British holidaymakers choosing to take their breaks in the UK are paying far in excess for their trips with some spending as much as 46% more than necessary, research shows.
Analysis by Independent Cottages found, on average, booking a holiday home direct with the owner saves around 22% of the cost when compared with booking through an online travel agent (OTA) such as Airbnb, HolidayLettings, Tripadvisor or HomeAway.
The average saving works out at £211 per booking.
Those holidaying in Norfolk face the biggest fees on average, paying a quarter (24%) or £244 more for a stay in a holiday cottage when booking through an OTA, compared with booking directly.
Holiday properties in the New Forest and Lake District are next highest, at 23% more expensive, or £259 and £211 respectively.
Other expensive spots to book are Yorkshire at 22% (£146), Cornwall at 21% (£222) and the Cotswolds at 17% (£184).
However, in one extreme example, a property in the New Forest comes with a 46% or £1,358 saving when booking directly. It is priced at £1,600 on the owner’s website. For the same dates with an OTA, it is priced at £2,958.

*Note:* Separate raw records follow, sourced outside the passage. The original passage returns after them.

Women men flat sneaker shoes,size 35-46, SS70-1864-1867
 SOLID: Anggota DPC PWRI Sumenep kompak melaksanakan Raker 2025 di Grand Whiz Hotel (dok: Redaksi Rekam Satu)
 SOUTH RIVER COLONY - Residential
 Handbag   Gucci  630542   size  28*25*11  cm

Sarah Jarvis, owner of Independent Cottages, said: “We always knew that compared to an online travel agent, holiday-makers save money when booking direct, but until we carried out the research we had no idea just how much.
“At a time of watching the pennies and not knowing what’s ahead in the coming months, we were shocked when we realised just how big the savings could be,” she added.
“The average saving of £211 could be a couple’s spending money for a weekend or a family’s day out. It seems like a no-brainer to go direct and have more pennies in your purse.”